» WHAT IS EXPECTED
Would you repeat the listing exactly, without any of its images?

» DATA FOR THIS EXERCISE

____

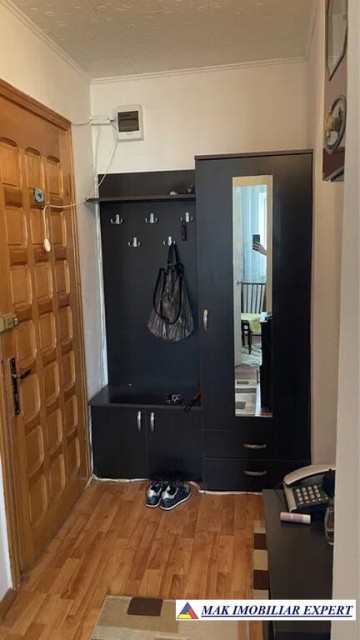 apartament-3-camere-confort-1-etaj-44-in-campulung-spatios-si-luminos-1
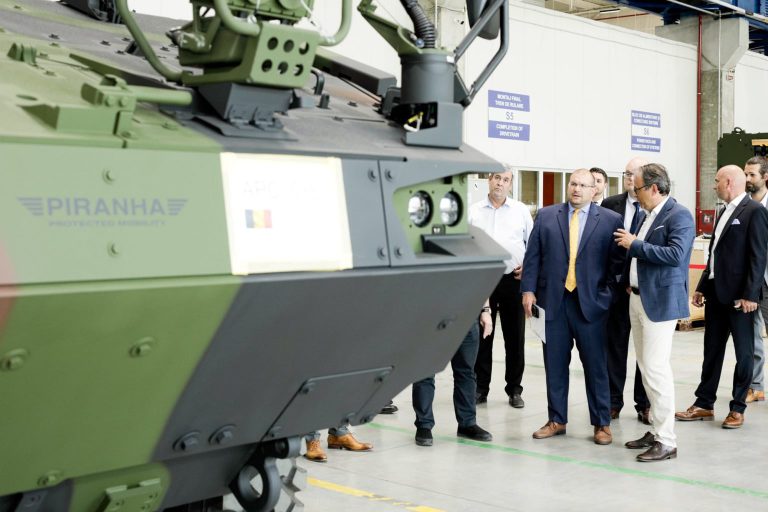 Armata a blocat livrarea de blindate Piranha V invocând „neconformități”. Război rece între MApN și Economie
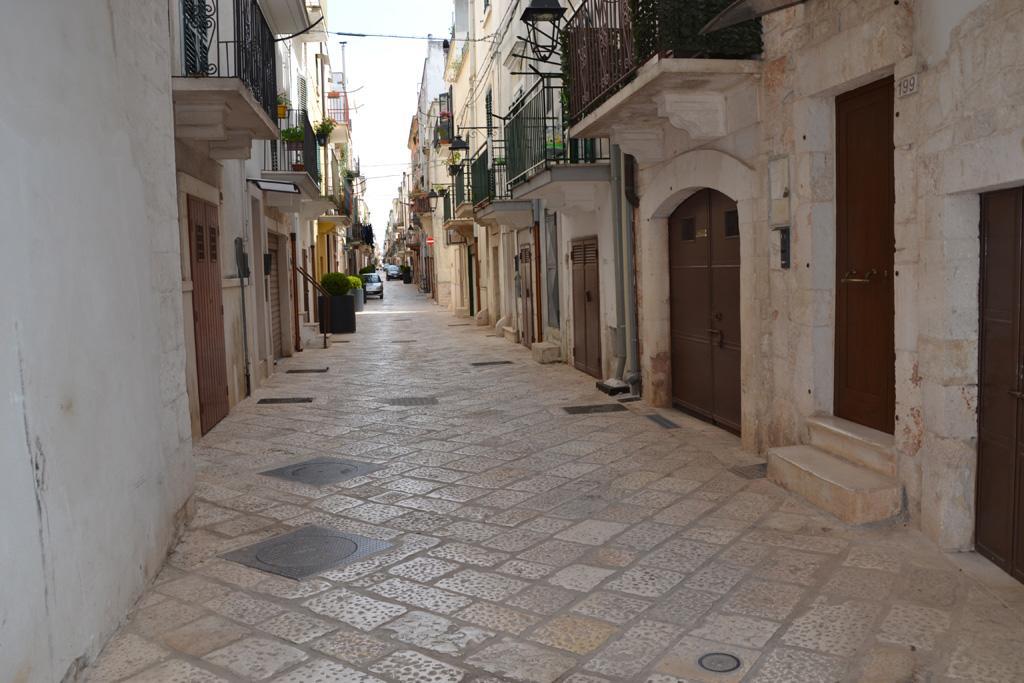 לינה וארוחת בוקר קונברסאנו Dimora Donna Clara מראה חיצוני תמונה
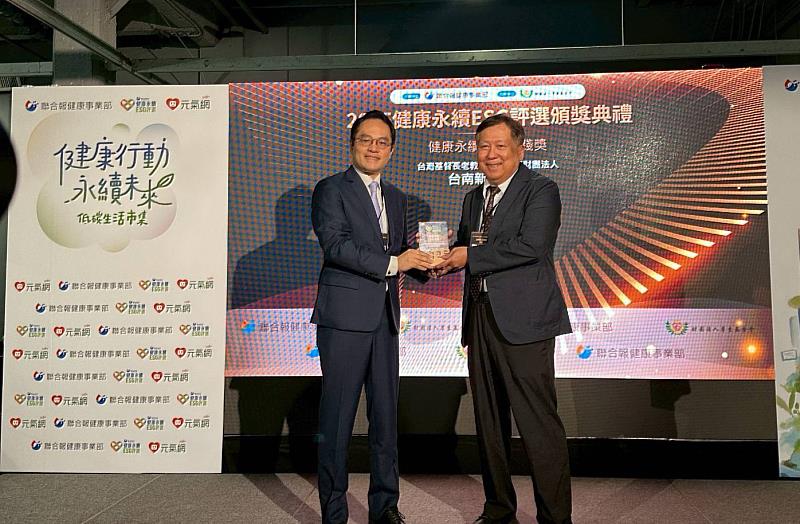 台南新樓醫院劉啓擧院長代表領取『2025健康永續傑出實踐獎』，彰顯新樓醫院在健康醫療、全人照護與永續治理上的努力獲得初步的肯定。
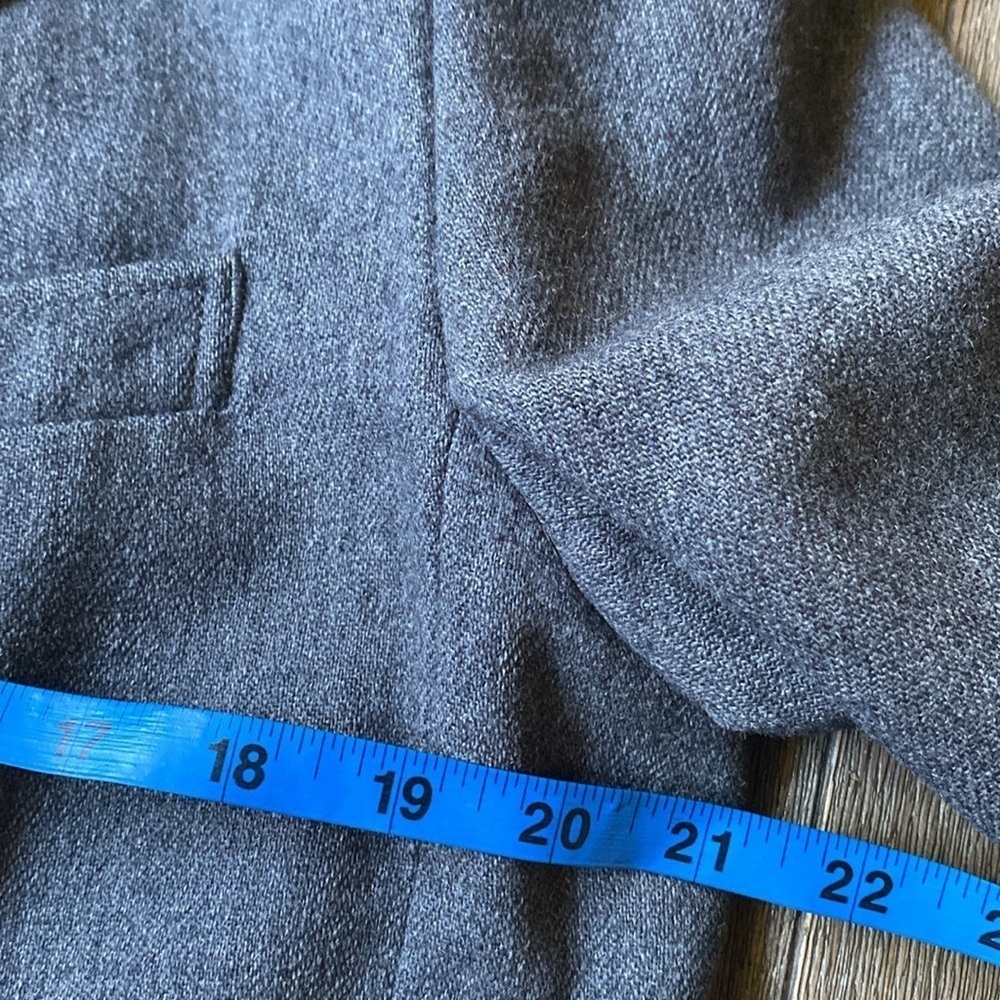 Vintage Wool Blazer by Coatree, Size 14 - Picture 9 of 10
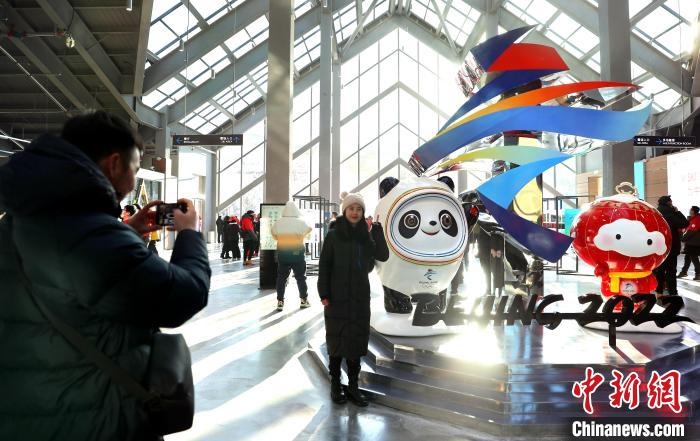 圖為滑雪場現(xiàn)場。　許婷 攝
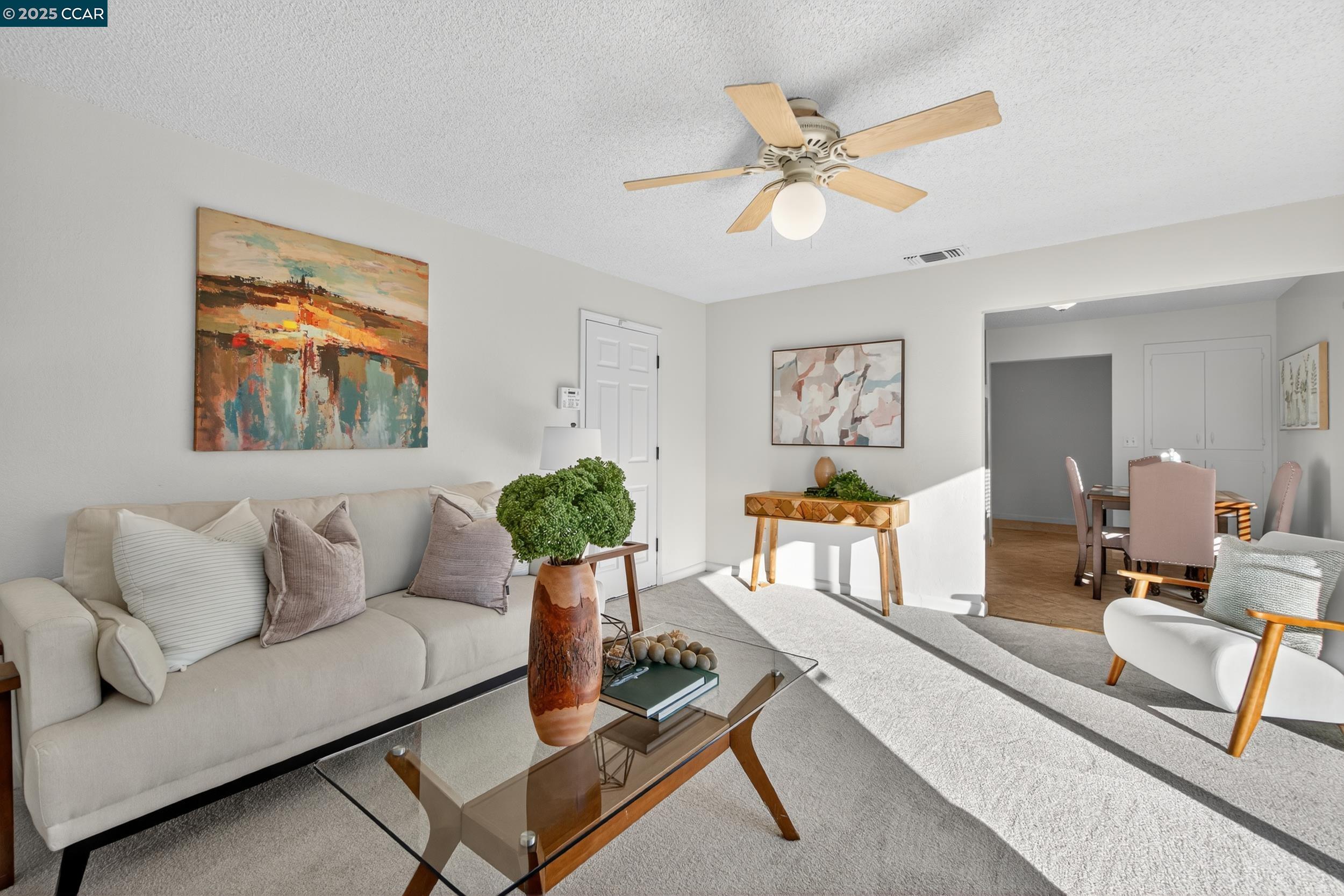 3904 Meadowbrook Cir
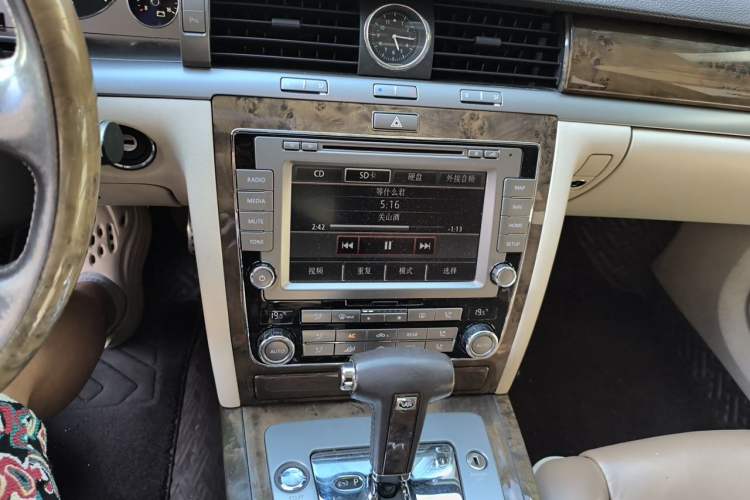 Used Volkswagen Phaeton 2011 3.6L V6 4-Seater Extended-Length Individual Edition Audio And AC Panel
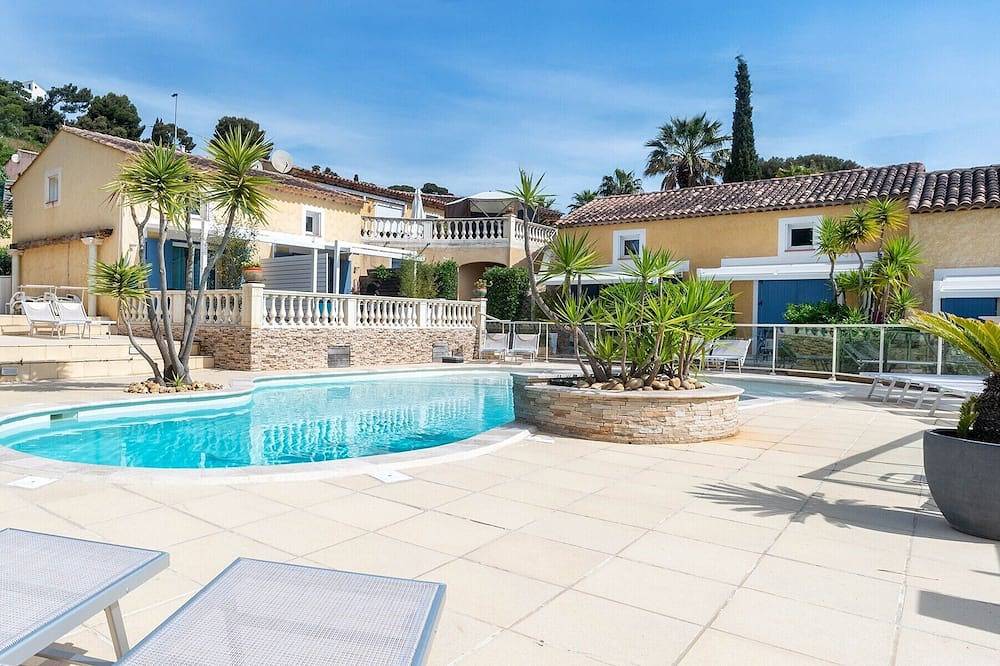 Heated pool - Gulf of St Tropez in Les Issambres, Roquebrune-sur-Argens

____

» SOLUTION BELOW
 apartament-3-camere-confort-1-etaj-44-in-campulung-spatios-si-luminos-1
 Armata a blocat livrarea de blindate Piranha V invocând „neconformități”. Război rece între MApN și Economie
 לינה וארוחת בוקר קונברסאנו Dimora Donna Clara מראה חיצוני תמונה
 台南新樓醫院劉啓擧院長代表領取『2025健康永續傑出實踐獎』，彰顯新樓醫院在健康醫療、全人照護與永續治理上的努力獲得初步的肯定。
 Vintage Wool Blazer by Coatree, Size 14 - Picture 9 of 10
 圖為滑雪場現(xiàn)場。　許婷 攝
 3904 Meadowbrook Cir
 Used Volkswagen Phaeton 2011 3.6L V6 4-Seater Extended-Length Individual Edition Audio And AC Panel
 Heated pool - Gulf of St Tropez in Les Issambres, Roquebrune-sur-Argens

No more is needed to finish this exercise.